El restaurante abrió un 2 de mayo de 1890 por lo que lleva más de 130 años en la ciudad. Si bien hoy se ubica en la intersección de Anchorena y Arribeños, comenzó en Alsina 68 y su primer dueño fue Juan Holms. Luego pasó al alemán Hermman Rempfer, el cual se lo cedió a su sobrino Willy Hiebaum. En 1955 empezaría la gestión de la familia Ortega. El dueño actual es Javier Ortega que, después de varios años de hacerse cargo del negocio, hoy lo vive de una forma más tranquila, dejando su lugar de encargado para estar más distendido. “Un dato curioso es que somos los primeros clientes de Quilmes”, nos comenta Javier. Incluso, si prestamos atención en una de las paredes del local hay una placa en la que se puede leer la insignia de acompañamiento entre ambas potencias.

Anteriormente mencionamos a los mozos como una distinción del restaurante y es que son esos mozos “de antes”, que no tomaban nota y cuya atención te hace sentir especial. “De muchos, fue el primer y el último trabajo” expresa Javier. La relación, al compartir tantos años juntos, va más allá de lo laboral. Javier nos cuenta sobre sus mozos y su familia, y sobre la cantidad de anécdotas que comparte con ellos. Porque si algo le sobra al Gambrinus, además de sabores, son las anécdotas. “Cacho (Castaña) venía, cantaba Garganta con Arena y las señoras se desmayaban” cuenta Javier en una de sus anécdotas. Además del cantante de tango pasaron figuras como Moria Casán, Facundo Cabral, Soda Stereo y Los Piojos, entre otros.

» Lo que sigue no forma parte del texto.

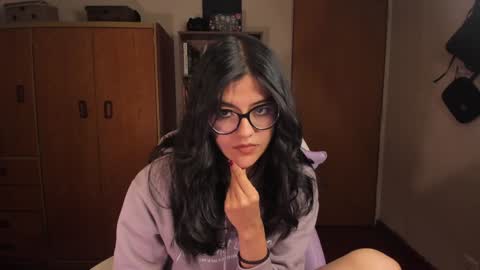 Snapshot of valerie__sky chatting on 01/03/25, 04:00 Val online show from 01/03/25, 04:00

Les dije que el Gambrinus lograba un viaje en el tiempo, pero también te teletransporta. A simple vista estamos en el 1900 argentino, pero con dar un bocado de alguno de sus platos nos transportamos como por arte de magia a Alemania. 

El restaurante comenzó como un bar de origen Alemán e incluso su nombre hace referencia al héroe de las leyendas europeas relacionadas con la cerveza. Las costumbres y los platos típicos nunca se perdieron: podés comer un par con papas —una porción de papas hervidas y condimentadas, y acompañadas por un par de salchichas tipo alemán—, o un chucrut que junto con una cerveza y una mostaza de la casa logran una especie de baile dentro del paladar, como si fuesen fuegos artificiales explotando en nuestras papilas gustativas. Javier nos admite que el proveedor que no puede faltar es el de las carnes, pero que con toda la materia prima es igual de exigente, para brindar el mejor servicio.

Desde chico Javier empezó a trabajar en el negocio con tareas de bodega y limpieza. Así fue pasando por todos los puestos: “me sirvió para valorar, cuando tuve que administrar el local ya sabía como funcionaba todo”, dice.

Gambrinus es historia, tanto para Bahía como para los bahienses. Y es que escuchamos infinidad de anécdotas sucedidas en ese local y con más de una nos emocionamos. Javier es un baúl lleno de anécdotas lindas, es de esas personas que al hablar ya te tienen atrapado. Así mismo, el Gambrinus es un lugar imperdible, que logra combinar su estética y su comida para poder subirte en un viaje del que da pena bajarse. Desde el momento en que abrís la puerta es obvio, aunque no lo sepas, que vas a pasarla bien. Los mozos, la panera, la comida… son todos aspectos que te van empujando al mismo destino: disfrutar.

Si sos de esas personas que han fantaseado con viajar en el tiempo, que dentro de tu imaginación lograste teletransportarte, que al mirar películas de ciencia ficción quedabas anonadado, te cuento que la solución está en Bahía Blanca, en la esquina de Anchorena y Arribeños. Además, no es ningún secreto, porque el Gambrinus, es parte de la historia bahiense.